**DIRECTIONS**: Copying rule for the data below: pictures stay out, and only the lines from the one with "Saskatoon Haus |" down to the one with "2 bedrooms Apartment", inclusive, are repeated exactly.

**RECORD SET**:
'''

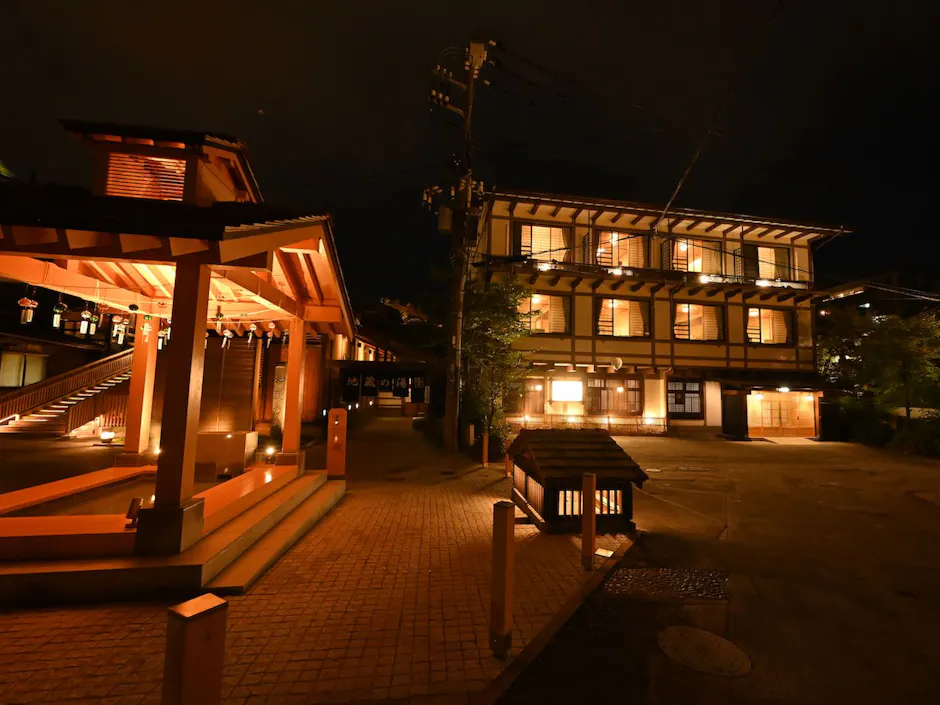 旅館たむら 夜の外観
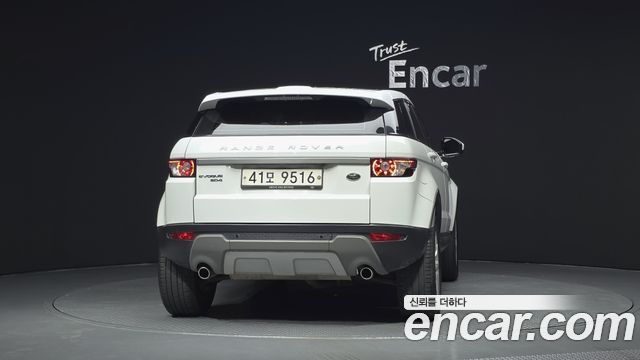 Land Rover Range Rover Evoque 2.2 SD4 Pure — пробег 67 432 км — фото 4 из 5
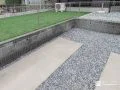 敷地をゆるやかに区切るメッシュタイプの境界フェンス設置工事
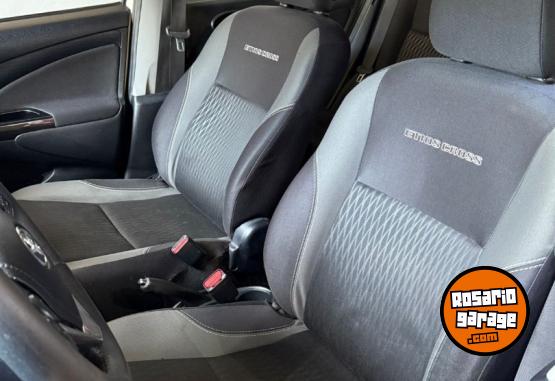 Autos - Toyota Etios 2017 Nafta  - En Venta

'''
'''

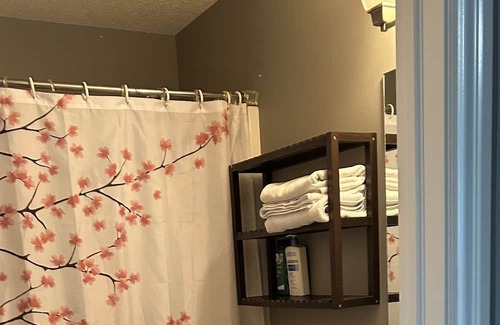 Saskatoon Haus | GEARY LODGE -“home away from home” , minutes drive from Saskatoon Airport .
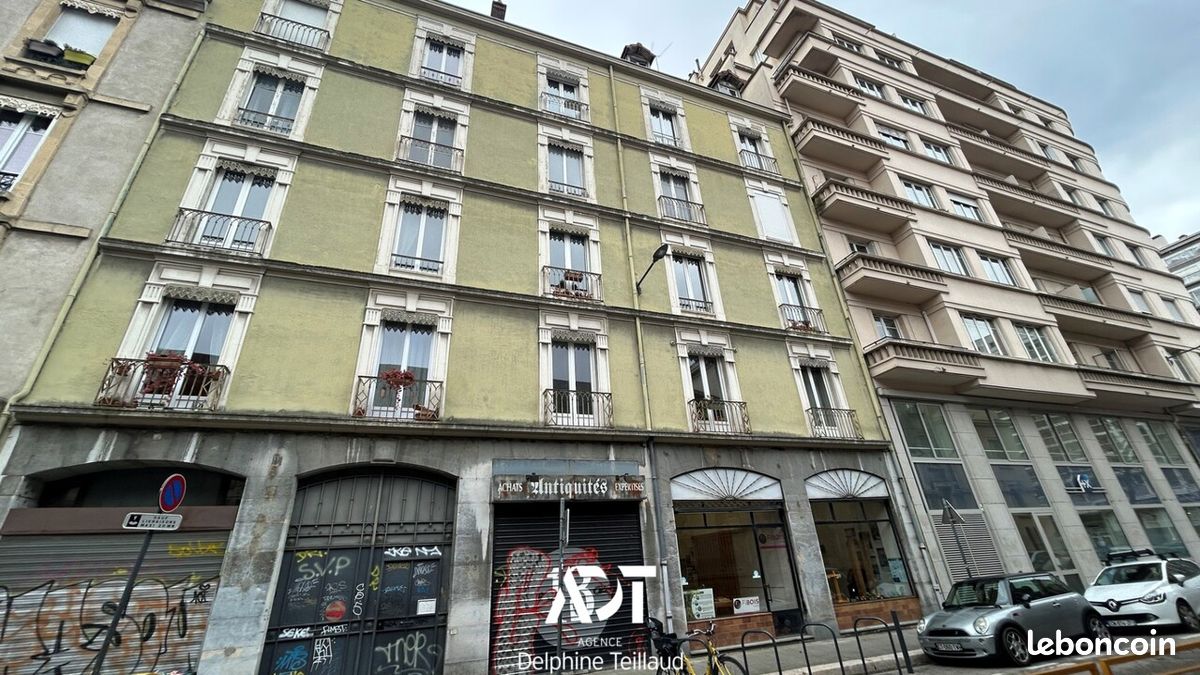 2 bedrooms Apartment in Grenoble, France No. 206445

'''
'''

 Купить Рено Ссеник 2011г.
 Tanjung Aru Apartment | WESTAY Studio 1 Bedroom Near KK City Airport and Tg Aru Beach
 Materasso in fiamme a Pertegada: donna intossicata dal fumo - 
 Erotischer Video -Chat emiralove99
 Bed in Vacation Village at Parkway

'''

**ANSWER BELOW**:
 Saskatoon Haus | GEARY LODGE -“home away from home” , minutes drive from Saskatoon Airport .
 2 bedrooms Apartment in Grenoble, France No. 206445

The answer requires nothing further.